Again, I can speak to my noble friend outside the Chamber, but surely there is no change to the current situation. In an extreme position where a provider fails, a student who has a degree from that failed provider would have to take that with him or her. There is surely no change and no reflection in terms of what we are trying to do here.
Indeed, the noble Lord makes a good point. I am sure that will be taken into account in terms of any further improvements we might wish to make.
Before my noble friend sits down, could he just clarify on the first amendment of the noble Lord, Lord Lisvane? Under Clause 40(10), the OfS can make an order exercisable by statutory instrument and,
“is to apply to such an instrument as if the order had been made by a Minister of the Crown”.
Am I therefore right in believing that, under Clause 113(3), if it is a statutory instrument, it could be prayed against? If that is the case, does that not put the Minister in a difficult situation?
My noble friend is very adroit at raising some complicated issues. I should answer the question but also go into some detail as to the different scenarios that might occur. I respect the quality of advice that he gives.
My Lords, I rise to speak to Amendments 282A and 347B, which stand in my name. I declare an interest as the pro-chancellor of Lancaster University.
I am learning a lot tonight about parliamentary procedure and affirmative resolutions, and about the relationships between independent regulators, Secretaries of State and Ministers, and I congratulate the noble Lord, Lord Lisvane, on carrying out such a good exercise in educating me. The questions posed by these amendments are very important. My noble friend Lord Judd is right: if you are to have a much more liberalised system with free entry, you have to have regulation and procedures so that it operates in a fair way.
The purpose of my amendments is simple. I would like to see the OfS be under a statutory obligation to set out its reasons for all the decisions that it has taken. I would like Parliament, once a year, to be able to debate a report which looks at whether, having set out a common set of principles by which the rules should operate, the regulator sticks with it. I think that that is a necessary addition to the ad hoc business of affirmative statutory instruments, and that it would be a sensible addition to the Bill.
My Lords, I have great sympathy with what the noble Lord, Lord Liddle, has just said. On the lead amendment, Amendment 282, which seeks to make such an order subject to the affirmative resolution procedure, I revert to a point that I made a few moments ago. As I read it, the order-making power in subsection (5) would presumably be subject to being prayed against. I would have thought that if any authorisation was revoked, it would be likely to be highly controversial and therefore might well trigger the order being prayed against. However, that would create the same situation, because the revocation would be by the OfS but the defence would have to be by the Minister, who would be somewhat detached from the whole exercise. I am not sure how that is addressed, and I look forward to my noble friend’s comments.

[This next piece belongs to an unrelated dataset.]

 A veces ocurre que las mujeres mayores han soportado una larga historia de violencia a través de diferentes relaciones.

My Lords, I am grateful for the opportunity to explain the provisions on the revocation of degree-awarding powers and university title. I make it absolutely clear that these powers are not intended for frequent use, as I have mentioned before. We see them as a rarely used but necessary safeguard for quality in the system. We know that these powers are significant and that is why we have endeavoured to include strong safeguards, including a right of appeal to the First-tier Tribunal. We have listened carefully and will continue to reflect on whether there are further improvements that we can make, and we will no doubt discuss this matter further on Report.

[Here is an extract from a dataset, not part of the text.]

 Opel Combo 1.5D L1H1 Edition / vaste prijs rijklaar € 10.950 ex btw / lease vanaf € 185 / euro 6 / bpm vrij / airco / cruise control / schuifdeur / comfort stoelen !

Our higher education system is world-class and university title and degree-awarding power are valuable assets. It is the responsibility of those that have obtained these prestigious titles to uphold their reputation. However, without powers to hold such providers accountable, we risk undermining the reputation of our universities. Let us consider the impact if a university’s quality and standards were to drop to a wholly unacceptable level, to the extent that it was widely known that its degrees were not comparable to others and the provider in question had done nothing to address this. Would we really want such an institution to continue to benefit from the prestige of a university title?
Lord Norton of Louth
Main Page: Lord Norton of Louth (Conservative - Life peer)Department Debates - View all Lord Norton of Louth's debates with the Cabinet Office
(7 years, 8 months ago)
Lords ChamberMy Lords, I support Amendment 57. At earlier stages of the Bill I have welcomed the provisions of Clause 13, which provide that the Office for Students can generate student protection plans. That is to be welcomed but, as the noble Lord indicated, the problem is that we do not know what form that protection will take and more needs to be set out on the face of the Bill. I moved an amendment in Committee to try to address this issue but, at that stage, the Government were not receptive. Therefore, we really need to come back to it.

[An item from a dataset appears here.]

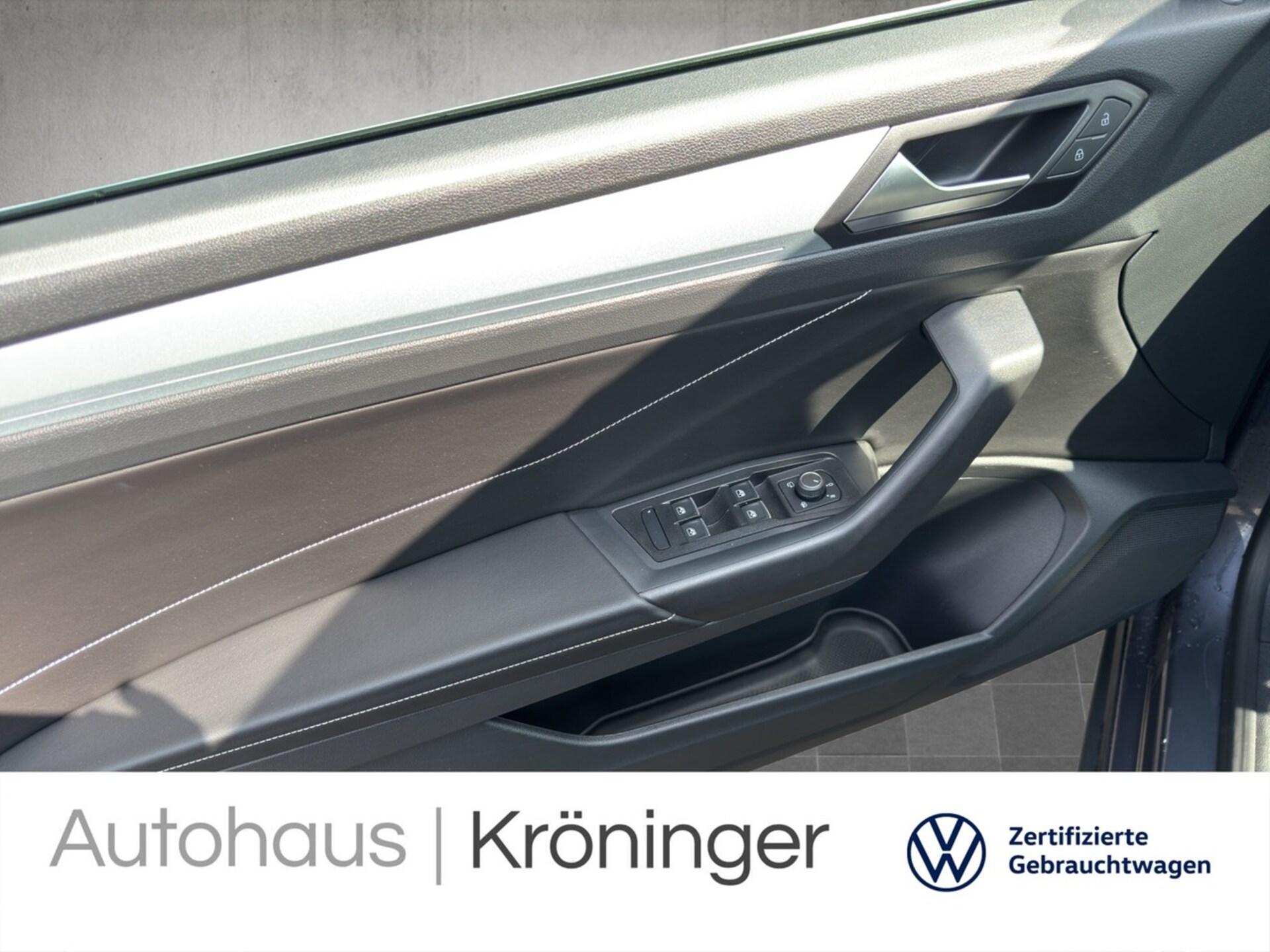 Volkswagen T-Roc Cabriolet Style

As the noble Lord said, it is the Office for Students—students are meant to be at the heart of this measure, yet they will have no idea of what protection they have when they undertake a course of study. When it comes to protection, Clause 13 gives the example of a course failing to be provided. So precisely what protection is being accorded to students? They need that reassurance if they are to sign up for and pursue courses in the first place. Amendment 57 gets at this problem and I welcome the fact that we are again considering it. As I said, students deserve to have some idea of what protection they will have when they undertake a course of study.
My Lords, I support the amendments to which I have put my name and agree with everything that both noble Lords have said so far.
When the Higher Education and Research Bill was first introduced, both Ministers pointed out that the environment in which higher education takes place has changed dramatically in recent years, and indeed it has. Very large numbers of students now take out large loans in the belief, and with the confidence, that the institutions they attend have in some sense been guaranteed by government—that what they are doing is safe in that they will be able to complete their studies. Fortunately, in most cases that is true, but of course it is not always or necessarily true. Anybody who looks at the experience in other countries will realise that institutions do fail, and indeed some of our non-degree-awarding institutions have failed in the past. The Competition and Markets Authority says cheerfully on its website that the sign of a healthy sector is that some exit occurs. Exit sounds quite cool—unless you happen to be one of the students in an exiting institution.
At the same time as this Bill is going through, the Technical and Further Education Bill is being debated, mostly in the Moses Room. As I attend the sittings of both Bills, part of the time I whinge but mostly it is a very informative exercise because we now have a tertiary sector as much as anything else. However, the protections being introduced for students in further education colleges go well beyond anything that has been specified for students in higher education, and that is highly regrettable. It is really important that in this new and changed environment, we realise that students need new and changed protection.
To give an example, for a long time the training sector has had many quite small, and sometimes quite large, rapidly changing institutions. Just before these Bills were introduced in the House, we heard the first story of a training provider that went into liquidation, leaving many people with outstanding loans and no obvious recourse. In the few weeks that both Bills have started to work their way through the House, there have been two other such failures. I shall be happy to give their names to anyone who is curious to know them, but, once again, we are left with, in this case, adult learners who have loans but no ongoing course.
When I raised this issue with the Minister and officials, I was told that the risks were lower for university students because they were more mobile and less local. However, that really is not true. It is not true of my own, but it is true of many of our university institutions that they have home students who are almost all highly local—often because they come from less advantaged families and are very unhappy about taking out major maintenance loans. So they are very local, and if their institution fails, they do not have anywhere else to go.
I hope very much that Ministers feel able, ideally, to accept Amendment 57, which seems to me the least that we can do in an environment where we are, in effect, making a promise to students. If it turns out that, for good reasons, that promise cannot be kept, they ought to be looked after.